WORK ITEM - Whatever precedes the line containing "Contrasting Dove Grey" is not copied; that line and every line after it through the final one below are copied exactly, except pictures.

··· INFORMATION SUPPLIED ···

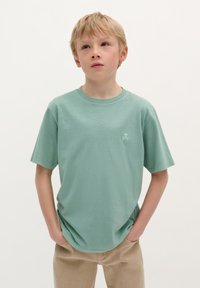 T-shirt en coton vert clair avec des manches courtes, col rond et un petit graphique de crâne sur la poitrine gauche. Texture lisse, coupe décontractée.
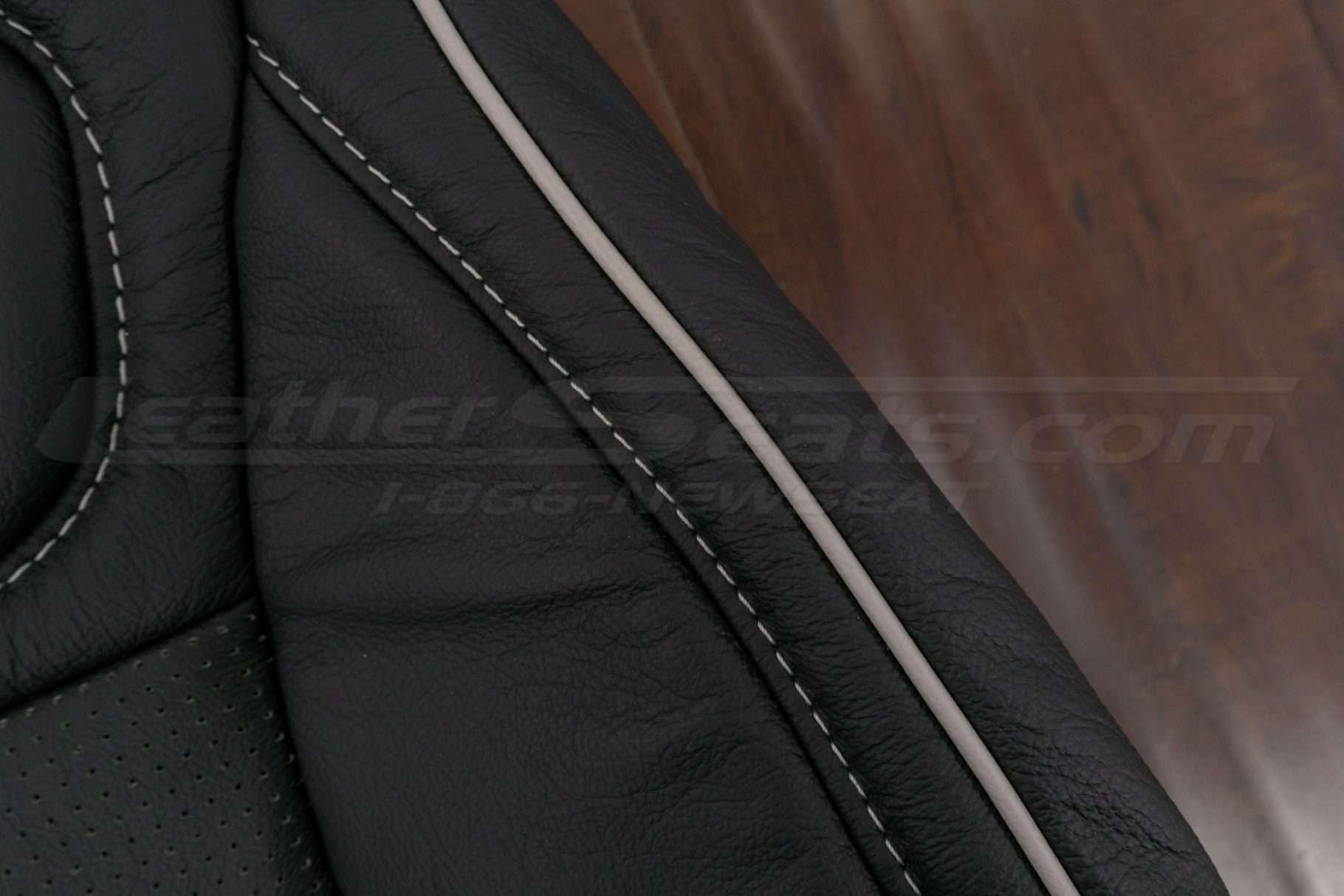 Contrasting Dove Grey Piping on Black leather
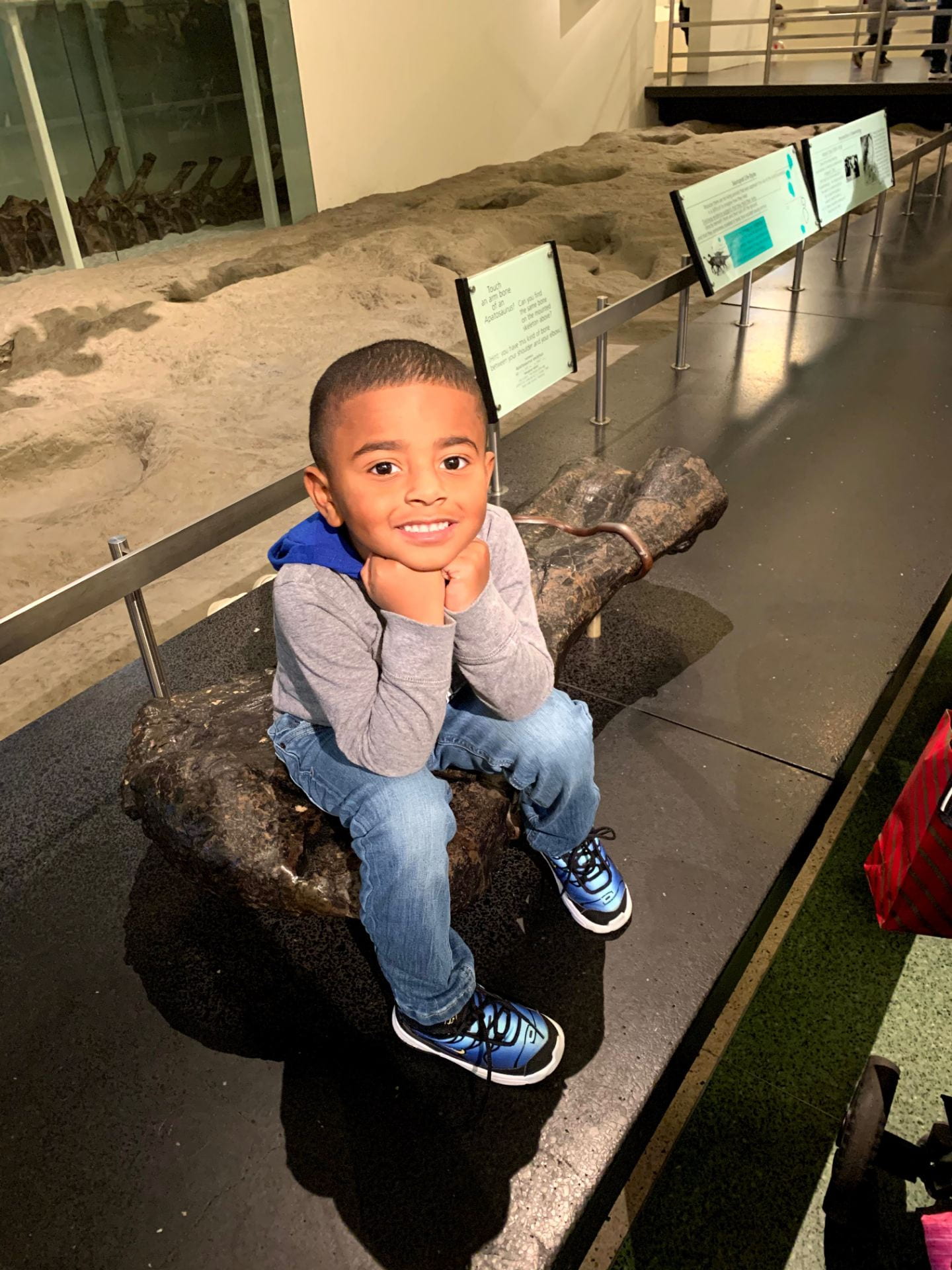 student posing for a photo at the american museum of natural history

···

ANSWER TO THE EXERCISE -
 Contrasting Dove Grey Piping on Black leather
 student posing for a photo at the american museum of natural history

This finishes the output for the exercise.